I laughed at her. ‘You’re absurdly young,’ I said, ‘and you haven’t begun.’
She shook her head and sighed.
When we talked about love, she professed a sad, middle-aged scepticism.
‘People make a most ridiculous fuss about it.’
‘Rightly.’
‘But it’s not worth making a fuss about,’ she insisted. ‘Not in reality. Not outside of books.’
‘Isn’t it?’ I said. ‘You’ll think differently,’ I told her, ‘when you’ve waited two or three hours for somebody who hasn’t turned up, when you can’t sleep for wondering where somebody’s been and with whom, and you want to cry—yes, you do cry—and you feel as though you were just going to have influenza.’
‘Ah, but that isn’t love,’ Grace retorted sententiously, in the tone of one who has some private and certain source of information.
‘What is it, then?’
‘It’s . . .’ Grace hesitated and suddenly blushed, ‘it’s . . . well, it’s physical.’
I could not help laughing, uproariously.
Grace was vexed. ‘Well, isn’t it true?’ she insisted obstinately.
‘Perfectly,’ I had to admit. ‘But why isn’t that love?’ I added, hoping to elicit Grace’s views on the subject.
She let me have them. They were positively Dantesque. I can only suppose that Peddley’s ardours had left her cold, disg
usted even.
But Life and Love were not our only topics. Grace’s ignorance and my own native reticence made it impossible for us to discuss these themes with any profit for very long at a stretch. In the intervals, like John Peddley, I played the pedagogic part. Through casual remarks of mine, Grace suddenly became aware of things whose very existence had previously been unknown to her—things like contemporary painting and literature, young music, new theories of art. It was a revelation. All her efforts, it seemed to her, all her strivings towards culture had been wasted. She had been laboriously trying to scale the wrong mountain, to force her way into the wrong sanctuary. At the top, if she had ever reached it, within the holy of holies, she would have found—what? a grotesque and moth-eaten collection of those funny little straw hats and leg-of-mutton sleeves from the bound volumes of the Illustrated London News. It was dreadful, it was humiliating. But now she had caught a glimpse of another sanctuary, upholstered by Martine, enriched by the offerings of the Poirets and Lanvins of the spirit; a modish, modern sanctuary; a fashionable Olympus. She was eager to climb, to enter.

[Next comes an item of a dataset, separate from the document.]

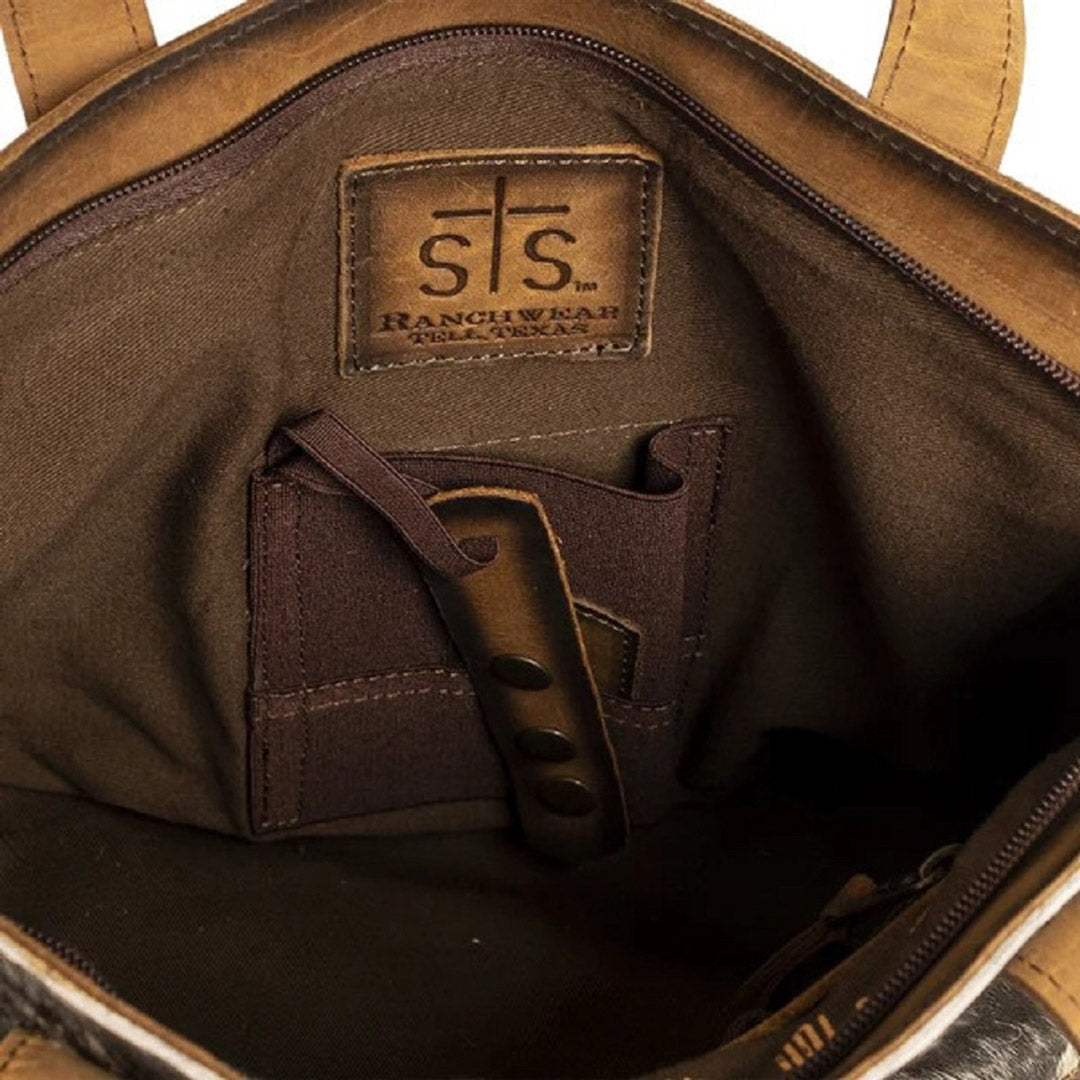 STS Ranchwear Women's Roswell Cowhide Small Tote Bag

Acting the part of those decayed gentlewomen who, for a consideration, introduce parvenus into good society, I made Grace acquainted with all that was smartest and latest in the world of the spirit. I gave her lessons in intellectual etiquette, warned her against aesthetic gaffes. She listened attentively, and was soon tolerably at home in the unfamiliar world—knew what to say when confronted by a Dada poem, a picture by Picasso, a Schoenberg quartet, an Archipenko sculpture.

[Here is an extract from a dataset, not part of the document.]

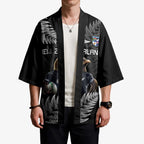 New Zealand Rugby Custom Kimono Glory Be To Black Silver-fern - Aussie Hoodie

I was working, at that period, as a musical critic, and two or three times a week I used to take Grace with me to my concerts. It did not take me long to discover that she had very little feeling for music and no analytical understanding of it. But she professed, hypocritically, to adore it. And as it bored me most excruciatingly to have to go by myself to listen to second-rate pianists playing the same old morsels of Liszt and Chopin, second-rate contraltos fruitily hooting Schubert and Brahms, second-rate fiddlers scraping away at Tartini and Wieniawski, I pretended to believe in Grace’s enthusiasm for the musical art and took her with me to all the most painful recitals. If the hall were empty—which, to the eternal credit of the music-loving public, it generally was—one could get a seat at the back, far away from the other sparsely sprinkled auditors, and talk very pleasantly through the whole performance.